Ai Weiwei, il contrabbandiere. Tempeste fantascientifiche per The Sand Storm
Artista di fama internazionale, attivista politico e adesso anche attore. Ai Weiwei è il volto di punta di un corto girato in Cina, in stile Blade Runner, appena presentato in America. Con annesse polemiche. Eccolo, in versione integrale, con tutta la storia
Dopo un’attesa di mesi, una fortunata operazione di crowdfunding e un’imprevista scia di polemiche, The Sand Storm, il corto di Jason Wishnow che ha arruolato nel cast l’artista Ai Weiwei, è finalmente in circolazione. Il debutto a fine agosto, al Telluride Film Festival di Berkeley, Canada, e subito dopo la pubblicazione su Vimeo.

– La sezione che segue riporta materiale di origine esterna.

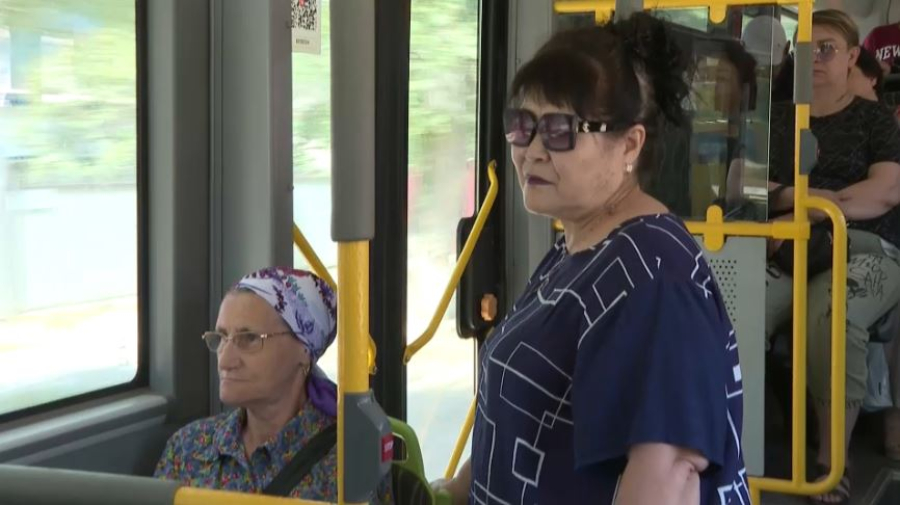 В общественном транспорте звучат произведения Абая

The Sand Storm è uno sci-fi ambientato in un futuro ipotetico, ai confini della civiltà, girato in una metropoli cinese dai contorni spazio-temporali indefiniti.Le riprese, per un caso straordinario, furono effettuate nel 2013, durante un gravissimo allarme inquinamento. Quotidianità iper tecnologica, solitudini collettive e conflitti privati, strade vuote sotto un cielo cinereo, coperto da una cappa di nebbia artificiale: tutto ruota intorno al tema della siccità e al disparato tentativo della popolazione di accaparrarsi piccole riserve d’acqua. E poi c’è lui, Ai Weiwei, nei panni di un contrabbandiere, impegnato a trafficare il bene primario più prezioso.
Efficacissima la fotografia – che porta la firma del pluripremiato Christopher Doyle, distintosi in film di successo come In te mood for love – risolta in un grigio-argento malinconico, cristallino eppure soffocante; buona la regia, che riempie di tensione scorci, tagli, movimenti di camera, in un percorso attraverso i vicoli della città e la sua periferia polverosa. In chiusura, l’approdo ad un nonluogo misterioso: micro unità abitative, ricche di vegetazione, sopravvivono nel cuore di una discarica abbandonata, al di qua di una muraglia. Qui, probabilmente, il trafficante custodisce le ultime riserve rimaste, l’ultima sorgente di vita.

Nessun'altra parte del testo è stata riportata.